Resolución 14-2026, trata sobre la legalidad de un acto normativo emanado de la autoridad electoral, que guarda una relación directa con las competencias del juez
La Fundación Institucionalidad y Justicia (Finjus) consideró ayer que el Tribunal Superior Electoral (TSE) debió conocer la controversia generada en torno al reglamento de la Junta Central Electoral (JCE) que prohíbe la publicación de encuestas fuera del período establecido en la ley y no tramitarla de una vez al Tribunal Constitucional (TC).
Apunta que si durante ese examen hubiese advertido una cuestión de constitucionalidad que excediera sus atribuciones, el ordenamiento ofrece mecanismos adecuados para su tratamiento sin que ello implique abdicar de la competencia atribuida por la Constitución y la ley.
“Lo que está en discusión no es únicamente la validez de un reglamento electoral, sino el alcance de las competencias constitucionales de la jurisdicción electoral y la preservación del diseño institucional previsto por la Constitución”, expresó Finjus en un comunicado firmado por su vicepresidente ejecutivo Servio Tulio Castaños Guzmán.
Recuerda que el TSE fue concebido como el órgano especializado para conocer los conflictos contencioso-electorales, por lo que esa especialización perdería contenido si cada vez que un reglamento electoral fuera impugnado bajo el argumento de infringir la Constitución o la ley, el juez electoral declinara su competencia en favor del TC.
Apunta que la simple invocación de normas constitucionales no transforma automáticamente un litigio contencioso en una acción directa de inconstitucionalidad.
Explica que la jurisdicción constitucional no constituye una instancia revisora general ni una vía ordinaria para resolver las controversias jurídicas sobre cuestiones de mera legalidad.
Añade que su función responde a un modelo de competencias estrictamente delimitadas por la Constitución, orientado al control concentrado de constitucionalidad y a la protección de los derechos fundamentales en los casos expresamente previstos.

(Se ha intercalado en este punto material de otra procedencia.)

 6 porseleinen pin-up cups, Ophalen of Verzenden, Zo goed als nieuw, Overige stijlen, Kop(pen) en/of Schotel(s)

“Convertir al Tribunal Constitucional en el destinatario natural de cualquier impugnación contra un reglamento administrativo implica desnaturalizar su función y alterar el equilibrio diseñado por el constituyente”, señala Finjus.

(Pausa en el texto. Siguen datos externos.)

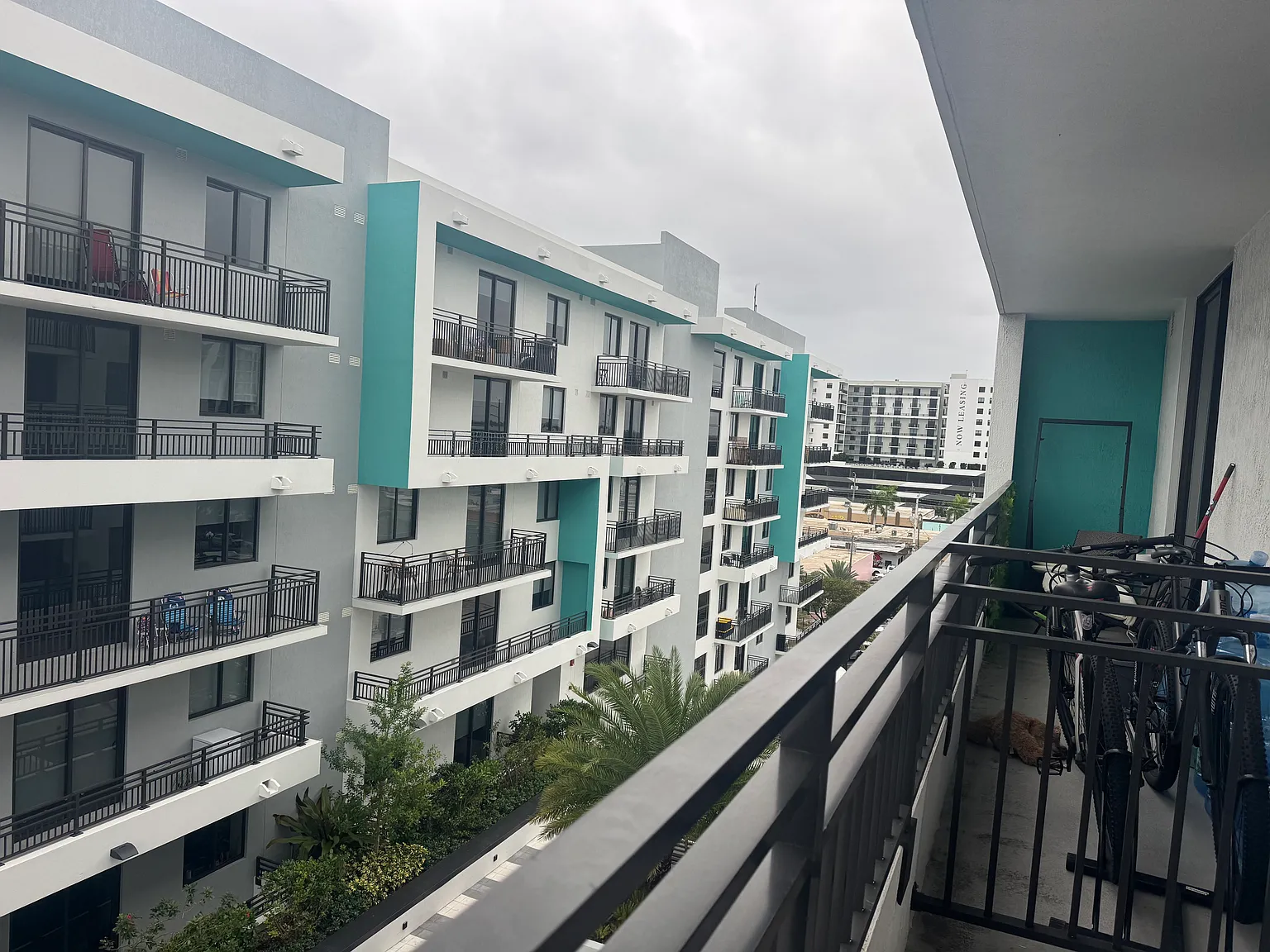2 bed, 900 sqft, $2,908 — Photo 4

Cita que en el caso de la Resolución 14-2026, trata sobre la legalidad de un acto normativo emanado de la autoridad electoral, cuestión que guarda una relación directa con las competencias del juez electoral.
Recuerda que la potestad reglamentaria de la administración está subordinada a la ley, por lo que ningún reglamento puede innovar el ordenamiento jurídico, crear restricciones no previstas por el legislador o ampliar limitaciones establecidas de manera taxativa en una norma con rango legal. “Cuando se alega precisamente ese exceso reglamentario, el conflicto pertenece al ámbito del control jurisdiccional de la actuación administrativa, no al control abstracto de constitucionalidad”, cita.
Añade que la jurisdicción constitucional debe conservar su carácter excepcional y que su fortaleza depende precisamente de que intervenga en los casos que la Constitución le reserva y no como sustituta de las jurisdicciones ordinarias o especializadas.